Ganz sicher wäre Schweinfurt Klaus Ernst irgendwann ohnehin zu eng geworden; da hätte es keiner Agenda 2010 des SPD-Kanzlers Gerhard Schröder bedurft. Sie wurde Ernsts Sprungbrett in die große Politik. 2004 schart er Agenda-Gegner aus den Gewerkschaften um sich und gründet die WASG. Plötzlich ist auch das Medieninteresse an dem kleinen Gewerkschafter ganz groß. Die TV-Scheinwerfer lassen den Mann im stets feinen Tuch leuchten, der in seiner weichen Münchner Sprachfärbung so gewandt und knackig austeilen kann. "Ihn treibt auch die öffentliche Popularität an", sagt Jürgen Wechsler.

Dass er immer mehr polarisiert, ist Klaus Ernst egal. Selbst dann noch, als IG-Metaller ihn anraunzen, er solle nicht Parteipolitik in die Gewerkschaftsarbeit tragen, sondern umgekehrt. Bei den Linken geht das so weiter. "Er ist ein Genie darin, sich Feinde zu machen", sagt Sepp Obermeier, ein altgedienter Linker aus Oberbayern.
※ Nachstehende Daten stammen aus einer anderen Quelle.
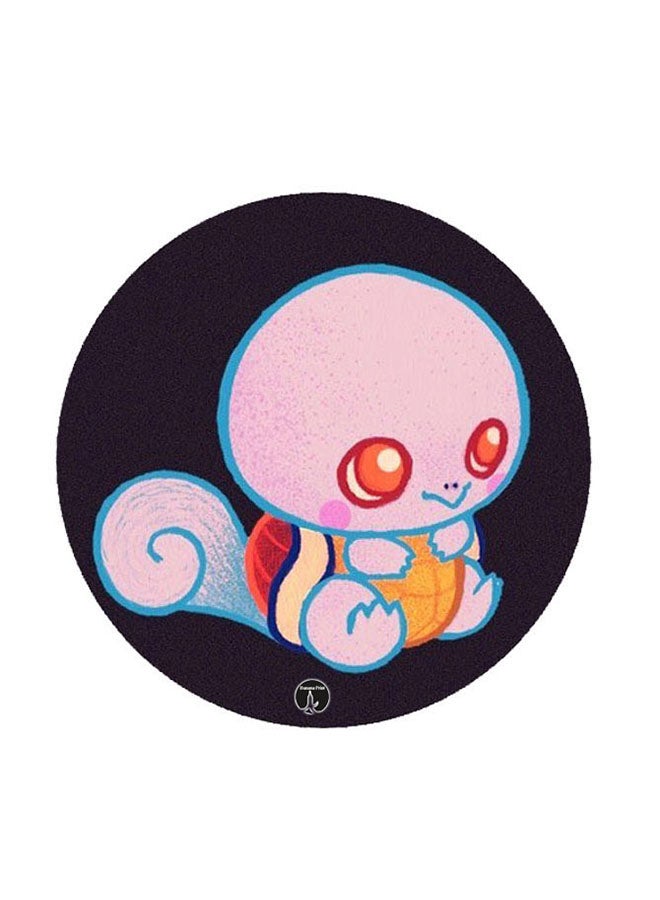 BP Cartoon Printed Fridge Magnet Multicolour 5.5 x 5.5cm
Aber nicht jeder vertrage "dieses kracherte Auftreten, dieses ,Hoppla, jetzt komm ich'". Dabei sollten die ihm doch alle dankbar sein. Ernst sieht die Fusion von WASG und PDS als sein Werk, so oft wie er mit "dem Oskar" und "dem Gregor" telefoniert und beide zur gemeinsamen linken Sache überredet hat.

Als Oskar Lafontaine sich im Frühjahr 2010 vom Parteivorsitz zurückzieht, kassiert Klaus Ernst den vermeintlich verdienten Lohn. Er registriert nicht, dass sich weite Teile der Partei schon von ihm abgewandt haben. Sein bayerischer Landesverband etwa ist tief gespalten, und das hat viel mit ihm zu tun. Man hat Ernst auch nie verziehen, dass er nicht als Spitzenkandidat in die Landtagswahl 2008 zog und den Eindruck hinterließ, dass Bayern ihm zu popelig geworden war. Aber auch zur spröden Frust-Befindlichkeit vieler Ost-Linker passt der schneidige Klaus mit seinem forschen Wessi-Auftreten nicht.

Die Kritik vieler Genossen an seinem Lebensstil ist Folge all dessen, aber auch verlogen. Schließlich lebt der linke Säulenheilige Oskar Lafontaine bis heute auf viel protzigerem Fuß als Ernst, ohne dass sich ein Linker daran störte. Ernsts Ko-Parteichefin Gesine Lötzsch kommt momentan auch deshalb gut weg in der Partei, weil sie demonstrativ in einem Plattenbau in Berlin-Lichtenberg wohnt. Klaus Ernst käme es nie in den Sinn, in einen Plattenbau zu ziehen. Dann schon lieber in eine Berghütte.